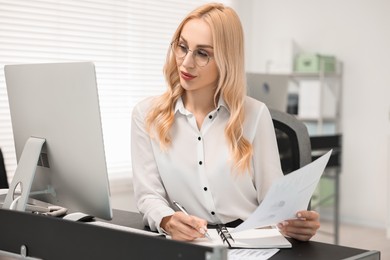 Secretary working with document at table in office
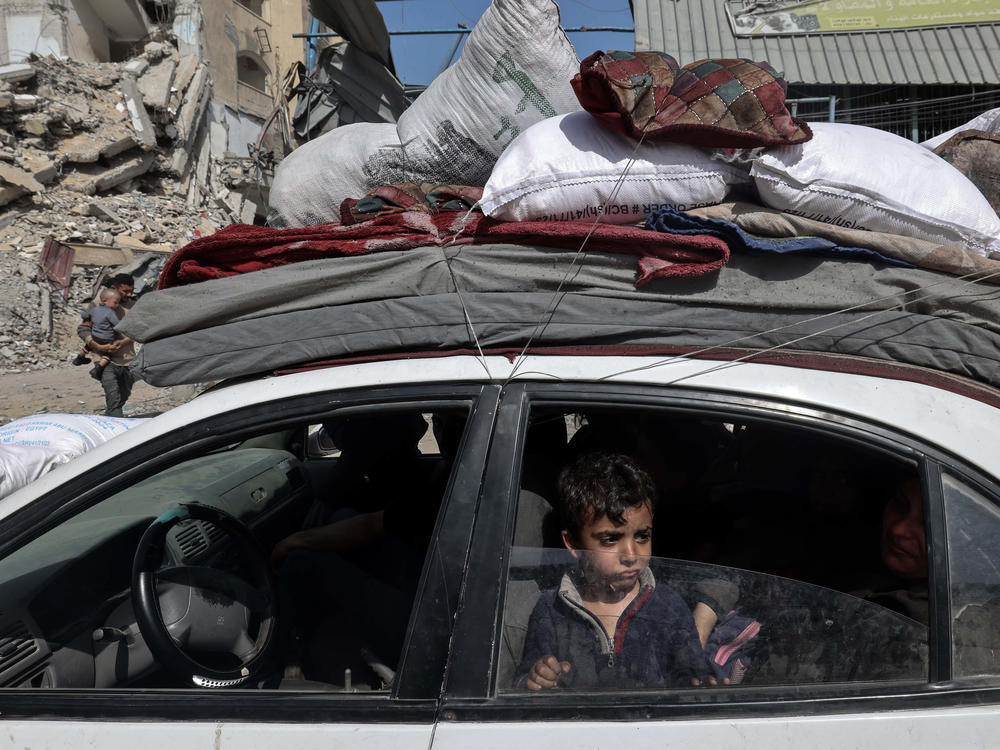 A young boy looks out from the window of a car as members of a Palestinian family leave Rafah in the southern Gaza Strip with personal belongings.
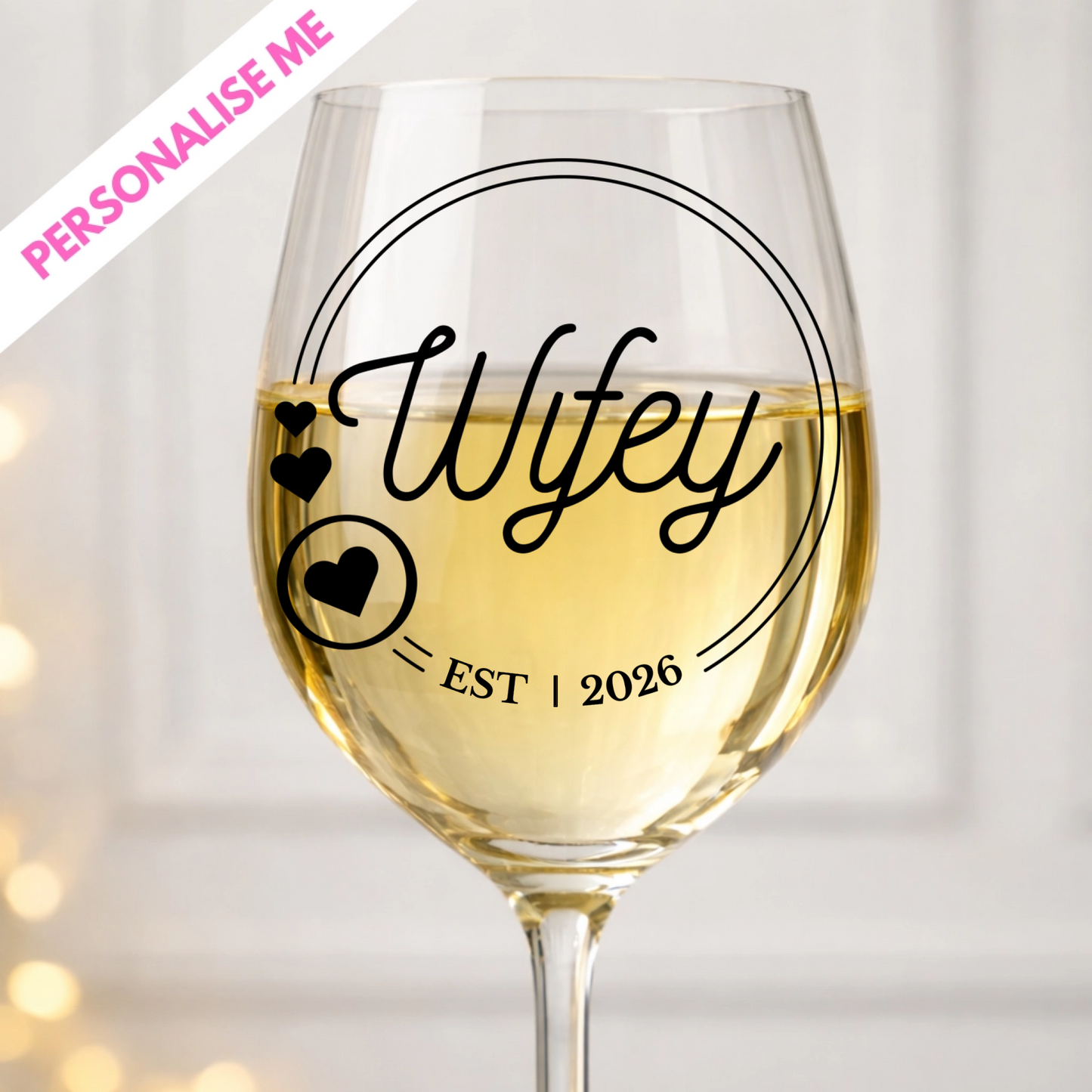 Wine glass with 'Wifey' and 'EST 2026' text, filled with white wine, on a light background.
---
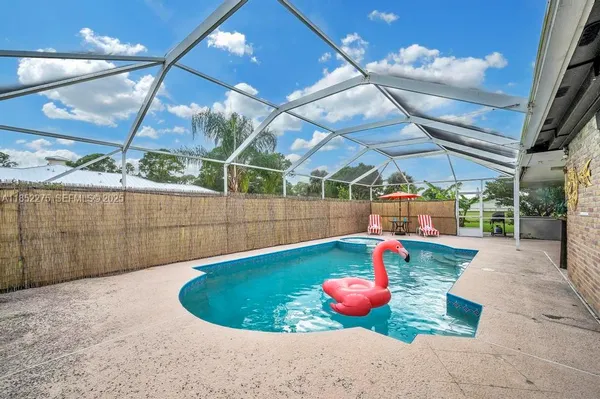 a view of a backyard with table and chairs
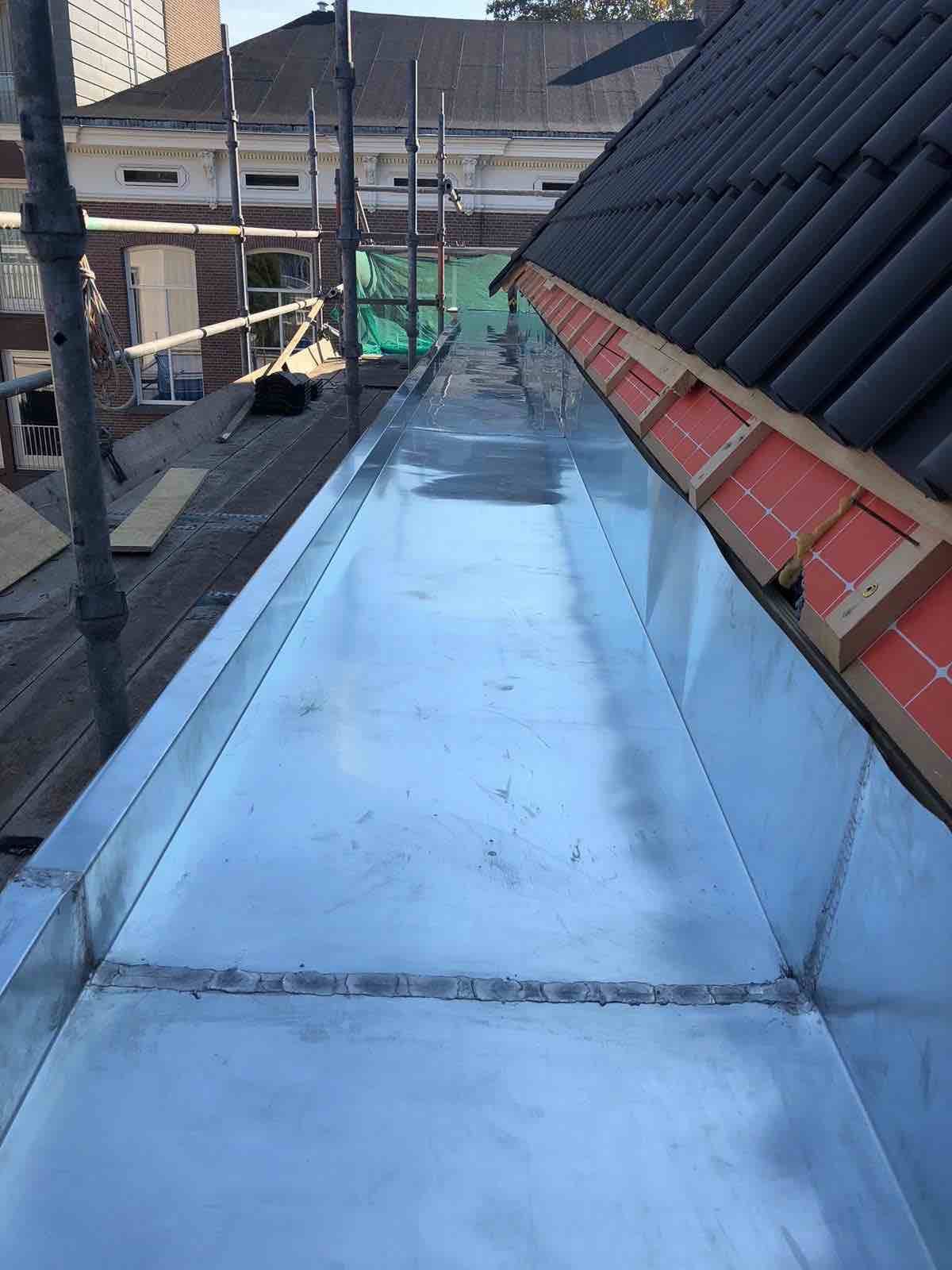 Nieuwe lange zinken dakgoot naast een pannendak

[Exercise] The stretch above running from the line with "A young boy" through the line with "Wine glass with" is all you should copy, exactly, leaving out the pictures.

[Solution to this problem]
 A young boy looks out from the window of a car as members of a Palestinian family leave Rafah in the southern Gaza Strip with personal belongings.
 Wine glass with 'Wifey' and 'EST 2026' text, filled with white wine, on a light background.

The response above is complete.